## MATERIAL TO PROCESS
•••

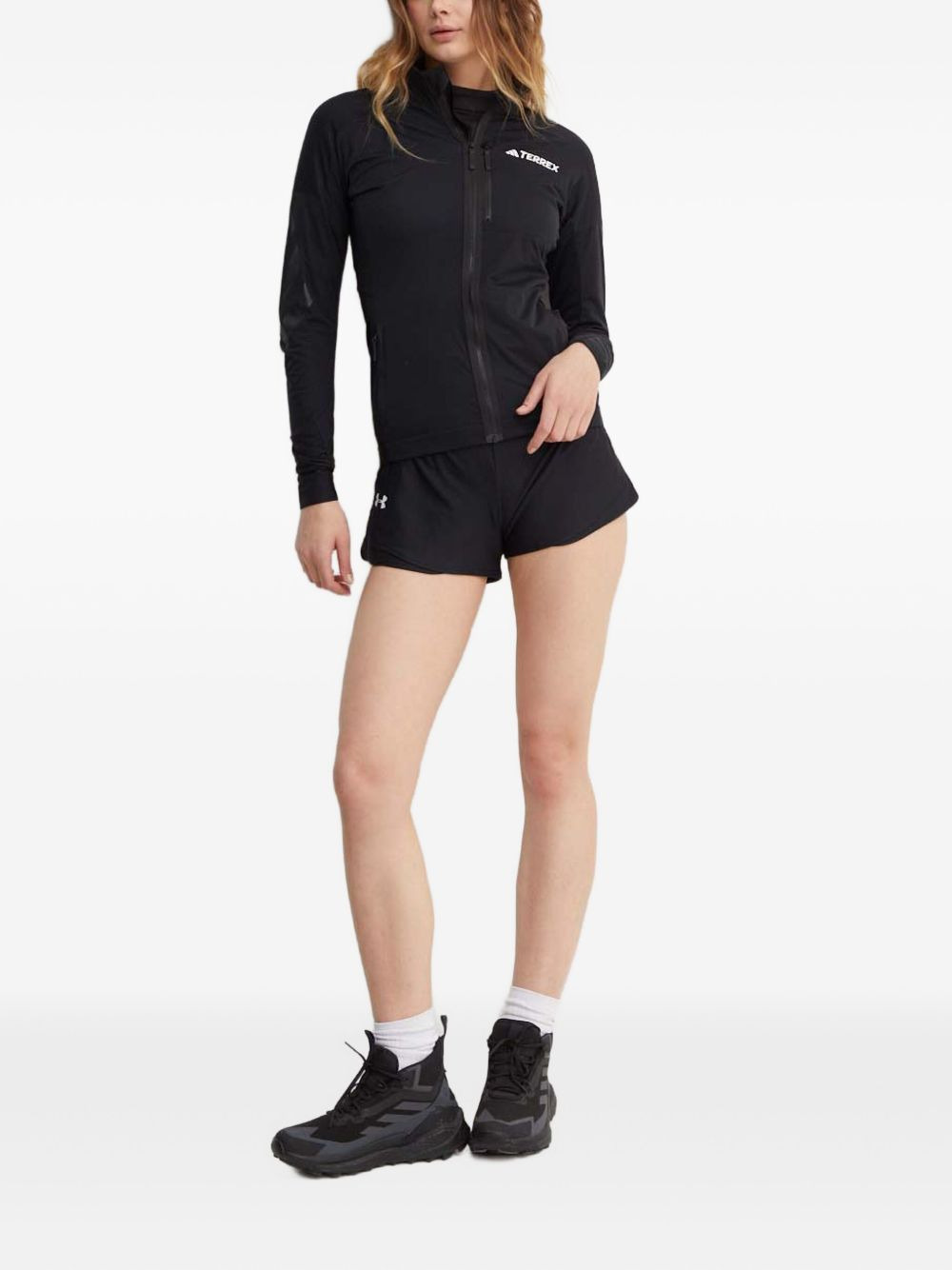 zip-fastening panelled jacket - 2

•••

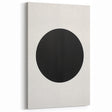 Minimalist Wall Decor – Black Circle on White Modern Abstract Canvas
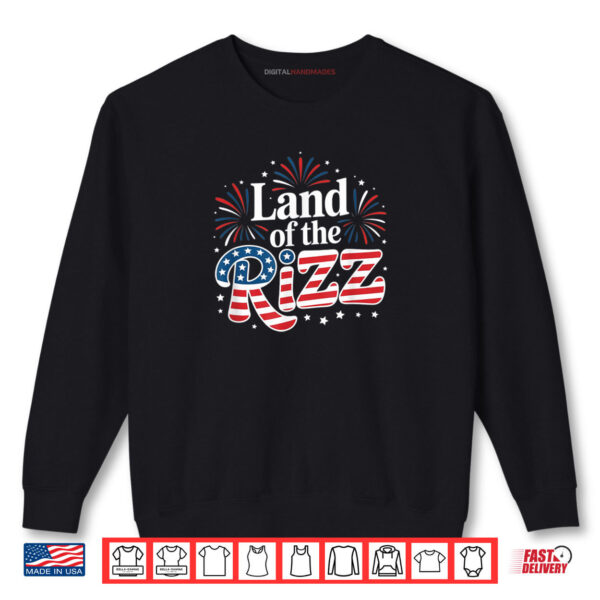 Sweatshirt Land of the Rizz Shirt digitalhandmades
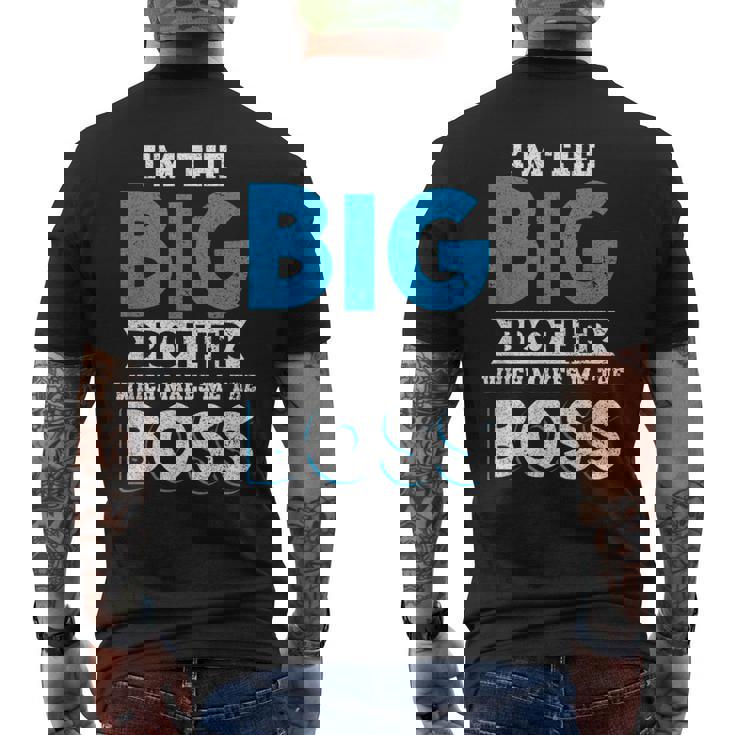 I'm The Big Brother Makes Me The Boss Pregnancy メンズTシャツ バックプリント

•••

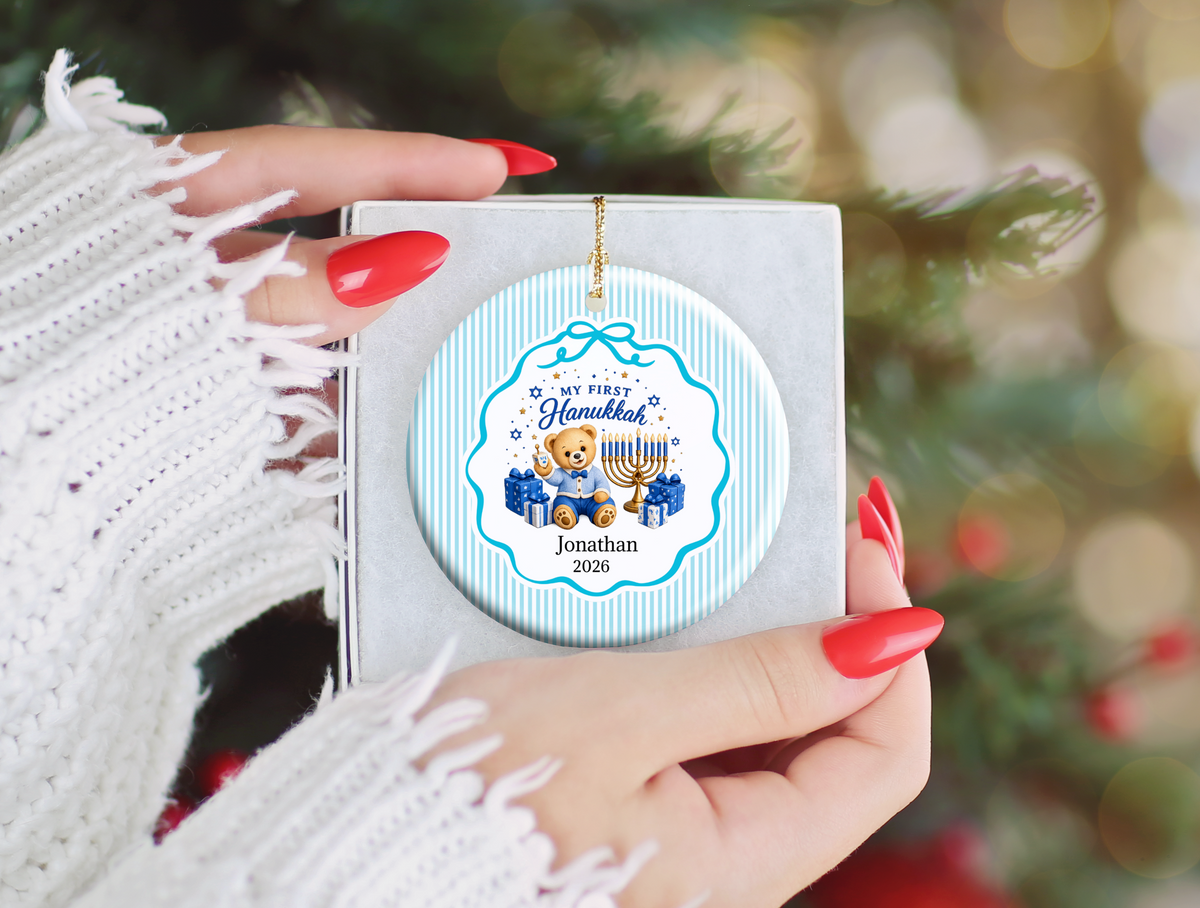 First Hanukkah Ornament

•••

## EXERCISE INSTRUCTIONS
From the line containing "Sweatshirt Land of" through the line containing "I'm The Big", copy every line above exactly, without pictures.

## OUTPUT OF THE TASK
 Sweatshirt Land of the Rizz Shirt digitalhandmades
 I'm The Big Brother Makes Me The Boss Pregnancy メンズTシャツ バックプリント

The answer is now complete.